* What to produce *
Could you output each line below exactly as it appears, excluding any pictures?

* Material provided *
────────────────────

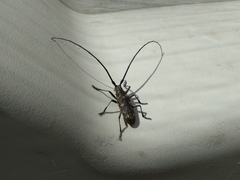 Monochamus sutor
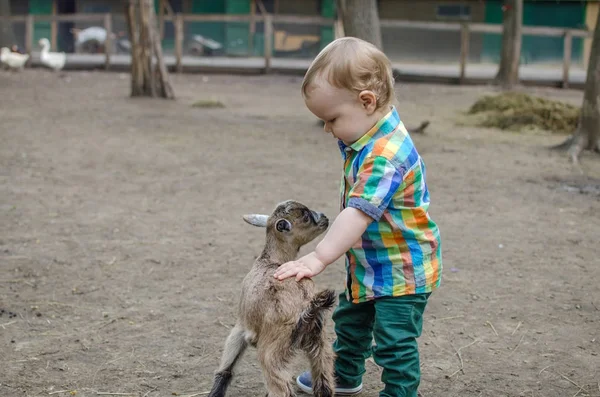 Küçük bir bebek hayvanlar ile oynuyor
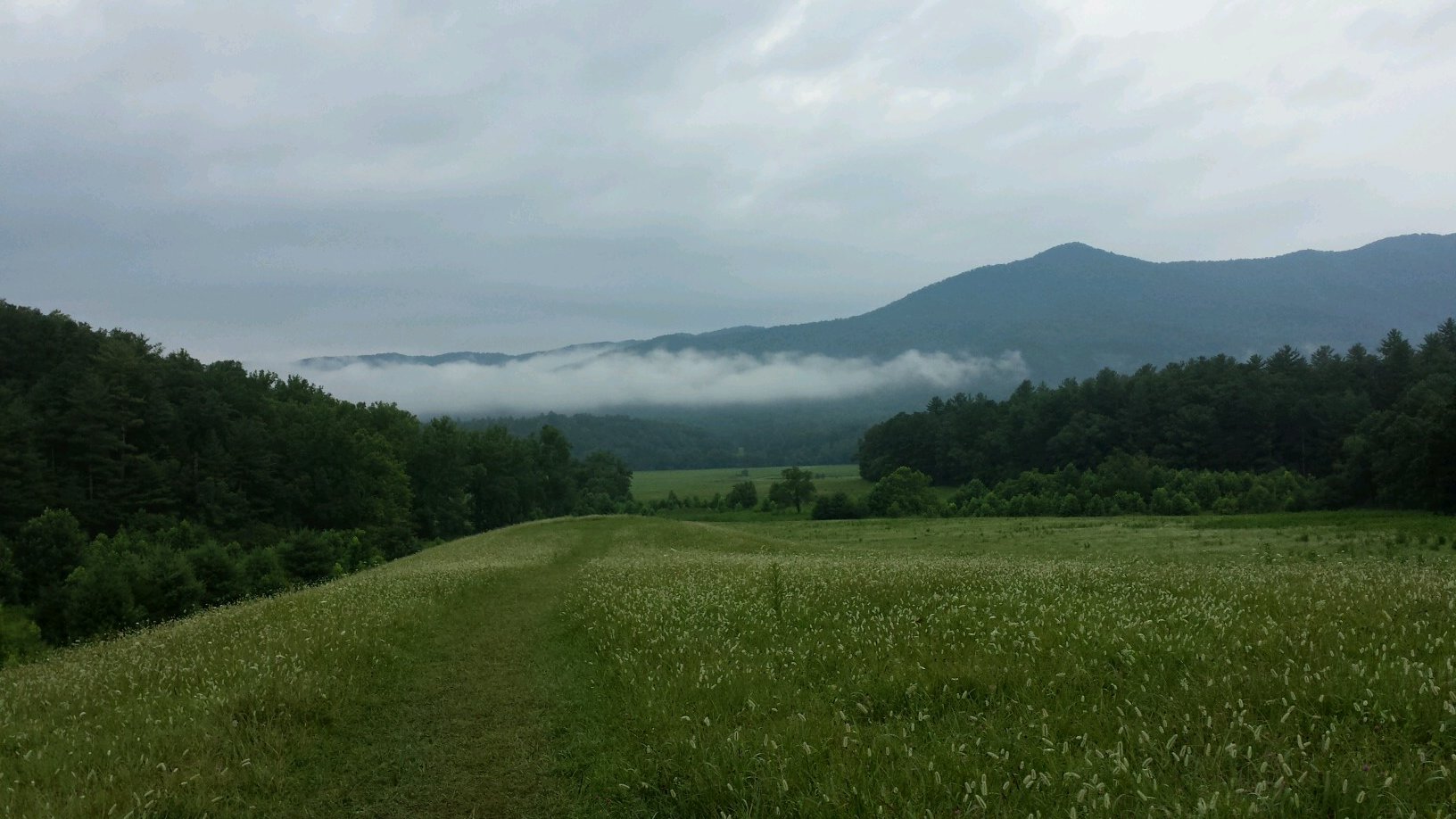 jakejumpman's profile picture.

────────────────────

* Reply *
 Monochamus sutor
 Küçük bir bebek hayvanlar ile oynuyor
 jakejumpman's profile picture.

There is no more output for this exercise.